La distrazione dell’utente è sempre uno dei fattori che maggiormente contribuiscono al furto di dati: un click avventato o su una finestra che si apre improvvisamente, senza dare modo di controllare a che cosa si accede; un consenso al trattamento dati senza rendersi conto che in questa maniera si corre il rischio di vedere legalmente venduti i nostri dati ad agenzie di marketing o altro. Sono solo alcune delle modalità con cui il navigatore permette a sconosciuti di accedere al patrimonio personale rappresentato da quei dati che costituiscono l’identità digitale di una persona.

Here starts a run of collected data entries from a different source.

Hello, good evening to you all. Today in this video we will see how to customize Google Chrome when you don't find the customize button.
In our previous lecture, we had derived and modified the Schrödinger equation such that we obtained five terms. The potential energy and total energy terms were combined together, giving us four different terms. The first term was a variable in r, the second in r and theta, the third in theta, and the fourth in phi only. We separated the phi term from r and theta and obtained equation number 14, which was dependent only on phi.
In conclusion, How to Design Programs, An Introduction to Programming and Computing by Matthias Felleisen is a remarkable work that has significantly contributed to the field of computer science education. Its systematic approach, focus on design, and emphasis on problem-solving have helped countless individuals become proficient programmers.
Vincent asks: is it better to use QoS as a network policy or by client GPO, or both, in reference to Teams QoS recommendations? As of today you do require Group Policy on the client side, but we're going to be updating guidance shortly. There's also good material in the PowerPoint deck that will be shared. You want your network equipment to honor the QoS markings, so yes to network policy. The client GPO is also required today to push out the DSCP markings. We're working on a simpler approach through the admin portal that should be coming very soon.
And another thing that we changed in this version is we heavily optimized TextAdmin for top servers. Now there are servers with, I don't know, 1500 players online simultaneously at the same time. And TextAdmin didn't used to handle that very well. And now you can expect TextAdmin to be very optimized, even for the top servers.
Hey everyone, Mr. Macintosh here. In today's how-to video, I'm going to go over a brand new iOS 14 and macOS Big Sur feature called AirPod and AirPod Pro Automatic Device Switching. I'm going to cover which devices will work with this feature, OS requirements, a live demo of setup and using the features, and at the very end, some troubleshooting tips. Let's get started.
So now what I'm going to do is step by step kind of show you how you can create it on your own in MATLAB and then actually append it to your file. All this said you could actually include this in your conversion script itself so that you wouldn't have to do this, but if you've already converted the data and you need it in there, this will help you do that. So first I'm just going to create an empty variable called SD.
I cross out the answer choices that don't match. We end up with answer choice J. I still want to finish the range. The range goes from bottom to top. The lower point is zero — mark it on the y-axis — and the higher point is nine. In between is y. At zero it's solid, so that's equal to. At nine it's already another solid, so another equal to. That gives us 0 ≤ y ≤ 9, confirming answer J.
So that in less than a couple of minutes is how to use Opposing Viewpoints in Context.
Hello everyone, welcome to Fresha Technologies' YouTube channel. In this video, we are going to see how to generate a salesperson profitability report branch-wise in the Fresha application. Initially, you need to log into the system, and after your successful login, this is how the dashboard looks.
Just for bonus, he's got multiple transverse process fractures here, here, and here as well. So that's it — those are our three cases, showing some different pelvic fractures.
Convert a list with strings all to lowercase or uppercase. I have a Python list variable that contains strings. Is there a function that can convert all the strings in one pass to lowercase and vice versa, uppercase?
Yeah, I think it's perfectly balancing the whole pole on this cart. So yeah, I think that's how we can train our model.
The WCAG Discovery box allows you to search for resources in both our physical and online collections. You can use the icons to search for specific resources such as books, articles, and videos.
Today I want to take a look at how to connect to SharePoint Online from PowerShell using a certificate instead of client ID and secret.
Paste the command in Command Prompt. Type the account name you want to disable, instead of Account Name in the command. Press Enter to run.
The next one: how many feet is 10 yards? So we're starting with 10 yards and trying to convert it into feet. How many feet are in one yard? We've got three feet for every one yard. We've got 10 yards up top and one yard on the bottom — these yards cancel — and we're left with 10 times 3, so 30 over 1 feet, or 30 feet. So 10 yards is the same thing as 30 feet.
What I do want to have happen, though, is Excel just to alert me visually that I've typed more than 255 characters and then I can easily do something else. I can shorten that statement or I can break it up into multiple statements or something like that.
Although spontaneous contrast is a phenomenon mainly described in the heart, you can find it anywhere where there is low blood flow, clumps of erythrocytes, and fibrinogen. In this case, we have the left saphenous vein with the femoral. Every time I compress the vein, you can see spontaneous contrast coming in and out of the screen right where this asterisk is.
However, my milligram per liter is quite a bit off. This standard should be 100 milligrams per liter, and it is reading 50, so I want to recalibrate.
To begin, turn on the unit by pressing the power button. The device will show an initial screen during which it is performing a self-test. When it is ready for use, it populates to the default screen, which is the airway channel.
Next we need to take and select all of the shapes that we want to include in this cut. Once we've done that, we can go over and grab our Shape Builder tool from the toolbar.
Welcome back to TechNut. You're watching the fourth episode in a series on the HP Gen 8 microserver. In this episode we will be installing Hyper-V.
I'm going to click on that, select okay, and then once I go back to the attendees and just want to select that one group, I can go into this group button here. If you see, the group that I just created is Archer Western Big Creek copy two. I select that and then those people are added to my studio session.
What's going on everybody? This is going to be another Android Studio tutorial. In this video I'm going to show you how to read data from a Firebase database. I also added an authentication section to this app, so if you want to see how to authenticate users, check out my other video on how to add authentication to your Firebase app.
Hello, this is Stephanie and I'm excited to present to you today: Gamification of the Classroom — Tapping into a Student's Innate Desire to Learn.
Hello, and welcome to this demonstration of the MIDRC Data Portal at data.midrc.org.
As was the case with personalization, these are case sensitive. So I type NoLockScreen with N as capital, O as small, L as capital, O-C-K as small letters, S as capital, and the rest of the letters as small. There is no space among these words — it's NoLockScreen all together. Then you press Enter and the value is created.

Sembra che, ancora, non sia presente nei singoli la consapevolezza dell’importanza del dato mentre le aziende, dall’altro lato, non hanno ancora realizzato quanto sia importante, non solo per il rischio di sanzioni economiche, proteggere la cassaforte che contiene tutti i dati di clienti, fornitori, dipendenti e contatti magari ottenuti tramite i social. Gli utenti della rete, da parte loro, si mostrano fin troppo attenti quando la loro privacy viene violata da una telefonata da un call center o da una mail pubblicitaria non gradita, ma dimenticano che ciò, spesso, accade a causa della loro distrazione o leggerezza nella navigazione.

I dati personali, non ci stancheremo di ripeterlo, sono un bene economico di grande valore, è la benzina di internet: senza i dati i sistemi operativi resterebbero fermi e l’economia del web ha bisogno non solo di dati per muoversi, ma anche di poterli comparare, profilare, interconnettere e poter portare all’utenza ogni possibile offerta personalizzata. Da qui il bisogno di dati che, in molti cercano di ottenere e processare legalmente, ma i malintenzionati non mancano e hanno a disposizione un grande mare in cui poter pescare più o meno lecitamente il bene più prezioso che esiste sul mercato oggi: i nostri dati personali.